As millions of workers were cloistered at home this spring and summer, many saw it as a chance to brush up their talents, skills, and knowledge, turning to MasterClass (No. 32) and its roster of celebrity teachers — Neil deGrasse Tyson on scientific thinking, Misty Copeland on ballet, and Stephen Curry on ballhandling and shooting, among many others. Customers are spending twice as much time with the service as they did at the beginning of the year.

Other nuggets we mined from the top startups list:

  • Silicon Valley is still driving innovation. Much has been said about tech companies and workers abandoning San Francisco in the wake of the pandemic, but the city is still the strong, pulsing heart of American entrepreneurial innovation. Two dozen of this year’s top startups are headquartered in the Bay Area, with 16 sitting in SF. Another nine startups have HQs in NYC, while Boston, Chicago, Austin, and Atlanta are each home to two of the top startups.
  • Nimble startups have pivoted during the pandemic. Curative (No. 17), the youngest company on the list, opened for business in January to develop tests for sepsis. Seeing the need and demand for COVID-19 testing in March, the company swiftly changed course and developed an oral-swab test for the novel coronavirus. The test can be self-administered, reducing the risk for healthcare workers and the need for personal protective equipment (PPE). Verdaka (No. 10) sells enterprise security systems. In response to COVID-19, Verdaka developed new features that can pinpoint when and where crowds are gathering. Their tools can also determine which parts of a building are experiencing heavy traffic and need more frequent cleaning. Brex (No. 14), a provider of B2B financial products, has added FDIC insurance to its product suite in light of the economic uncertainties triggered by the pandemic.
  • Community-minded startups have grabbed the chance to pitch in.

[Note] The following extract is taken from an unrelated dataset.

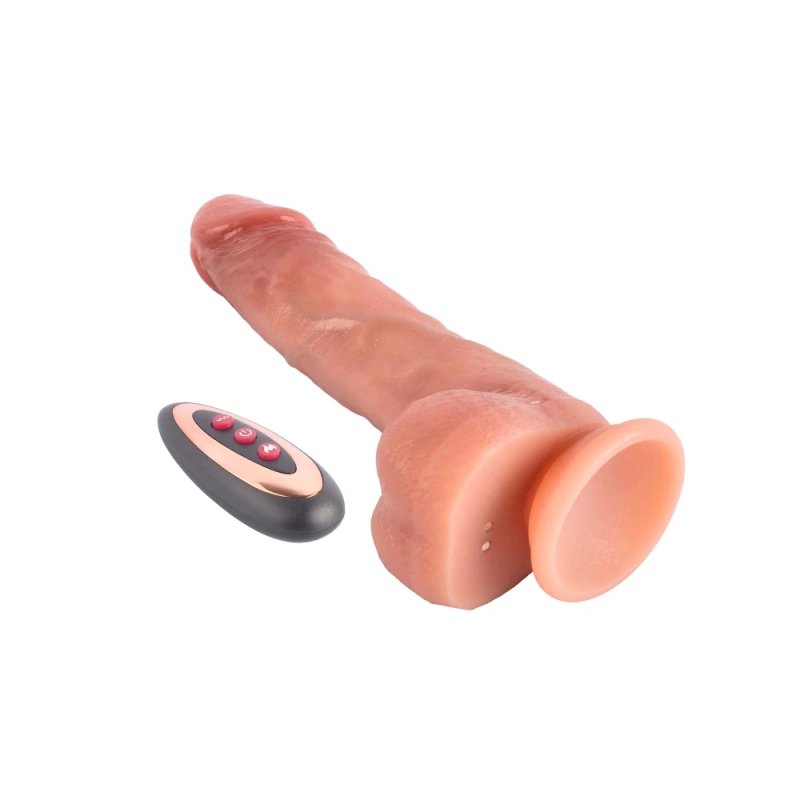 8.0" Dual-Layered Nature-Feel Remote Control Thrusting Silicone Dildo - Image 5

Some of the top startups have also seen and seized opportunities to help their communities persevere against COVID-19. FIG (No. 25), a digital ad agency, partnered with CNN on a Facts First campaign to combat misinformation that spread along with the virus. Guild Education (No. 31), an educational benefits company that connects employees to learning opportunities, launched Next Chapter, an online tool that helps laid-off workers access training and identify job possibilities. Alto Pharmacy (No. 49), a digital drugstore, has used its courier fleet to collect donations of personal protective equipment (masks, gloves, hand sanitizer, etc.) and then deliver them to local hospitals.
  • They’re betting on bedding. Vicki Fulop and her husband, Rich, checked into a Las Vegas hotel in 2012 and Vicki fell in love with the linens. When they went to buy the same set of sheets, they were stunned by the $800 price tag. So, they started the direct-to-consumer Brooklinen (No. 7 and, yes, it’s based in Brooklyn), which offers luxury bedding and home accessories for prices that won’t disturb your slumber. The company had nearly $100 million in revenue last year. Sweet dreams.

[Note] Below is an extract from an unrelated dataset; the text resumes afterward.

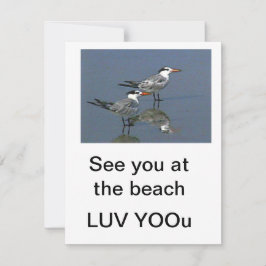 Cartão plano Vejo você na praia JGibney The Museum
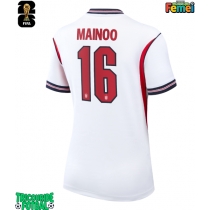 Echipament fotbal Anglia Kobbie Mainoo #16 Tricou Acasa Mondial 2026 pentru femei maneca scurta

The five steps startups can take to recruit the talent they need

Startups need a vision, a plan, and funding. But beyond that, they need talent. Because of the economic downturn and ensuing layoffs, there is more talent available right now than there has been in years. To land the kind of performers who will help make entrepreneurial dreams come true, startups can turn to these proven practices:

  1. Standardize your interviews. Assign roles and responsibilities to each of your interviewers and make sure you are asking candidates a consistent set of questions.
  2. Track efficiency. Monitor how much time gets spent for each hire and how each part of the hiring funnel performs.
  3. Give candidates a work assignment. Strong performance on a job audition that mirrors the work a candidate would be doing is the best predictor of future success.
  4. Hold hiring managers accountable. A hire-by-committee approach is both more time consuming and less accountable. When a single person is on point, more care will be given each decision.
  5. Keep tabs on your best sources of hire. With limited resources, put a focus on the channels that bring you early success.

Put these hiring tips to work for you and your startup could have a starring role in next year’s list.